En, hoe is met je vriend daarboven?
Dat is wat ik verwacht wanneer ik tegen iemand vertel dat ik theologie studeer. De reactie hierop is dan een zelfingenomen lachje van mijn medemens, met een vleugje van intellectuele superioriteit, tezamen met de woorden zoals beschreven in de titel. Talloze keren heb ik dit scenario in mijn hoofd doorlopen, samen met een drukkend en benauwd gevoel op mijn borst en de vraag in mijn hersenen: ‘Hoe moet ik hierop antwoorden?’
Dit was echter de verwachting toen ik begon aan mijn studie, de realiteit is heel anders. Veel mensen maken verbaasde gezichten, meestal omdat zij denken dat deze studie niet meer relevant is. Soms krijg ik zelfs een reactie met een verbaasde: ‘He? Bestaat die studie nog?’
Wat volgt is meestal een standaardreeks aan vragen: ‘Maar wat vind jij van religie? Maar God bestaat toch helemaal niet? Ach ga toch weg, jij als jonge vent gelooft daar toch helemaal niet in?’

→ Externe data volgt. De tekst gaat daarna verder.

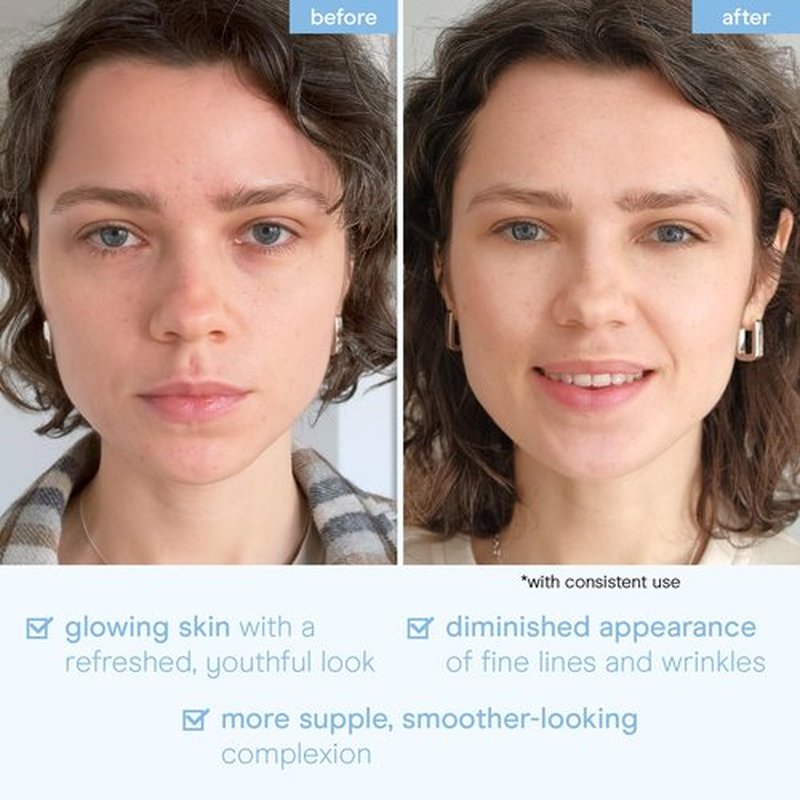 Baebody Advanced Snail Mucin Under Eye Patches for Women & Men - Under Eye Masks for Dark Circles and Puffiness - With Niacinamide - Reduce Fine Lines and Wrinkles (Snail Mucin Face Mask)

Mijn antwoorden hierop zijn eigenlijk een reeks herhalingen: ‘Hangt af van de mensen die de religie aanhangen’, ‘Echt waar? Waarom bestaat God dan niet? Heb je bewijs dat God niet bestaat?’ en als laatste, ‘Moet een theoloog dan in God geloven om theoloog te zijn?’
Wanneer iemand zegt dat hij of zij theologie studeert dan wordt, jammer genoeg, bijna altijd de student zelf in de schijnwerpers gezet. Laat dit nou net datgene zijn wat ik niet wil. Ik wil diepe vragen over het leven in de schijnwerpers zetten. Het is veel leuker om een gesprek te hebben over wat mensen motiveert in het leven, wat de betekenis is van tegenslagen in het leven en hoe zaken zoals de dood in het leven geplaatst (kunnen) worden. Natuurlijk komt, op een gegeven moment, ook de noodzaak om je eigen mening te geven omwille van het gesprek.
Ik vind dat het mijn taak is als theologiestudent om mensen uit te dagen tot omdenken. Het doel van dit omdenken? Om altijd een soort positieve draai te geven aan gebeurtenissen die negatief worden opgevat. ‘Wat een rotweer’ wordt dan, bijvoorbeeld ‘eigenlijk moeten we dankbaar zijn voor deze regen’. ‘Die NS altijd met zijn vertragingen’ wordt dan ‘zo, even vijf minuutjes langer op de stationsbank met de zon op mijn gezicht!’
Dus beste lezer, als u een keer het bedreigde diersoort de theologiestudent(e) tegenkomt, vraag dan zeker niet over eigen opvattingen, maar om een kort pastoraal gesprek om je mooie dag nog mooier te maken!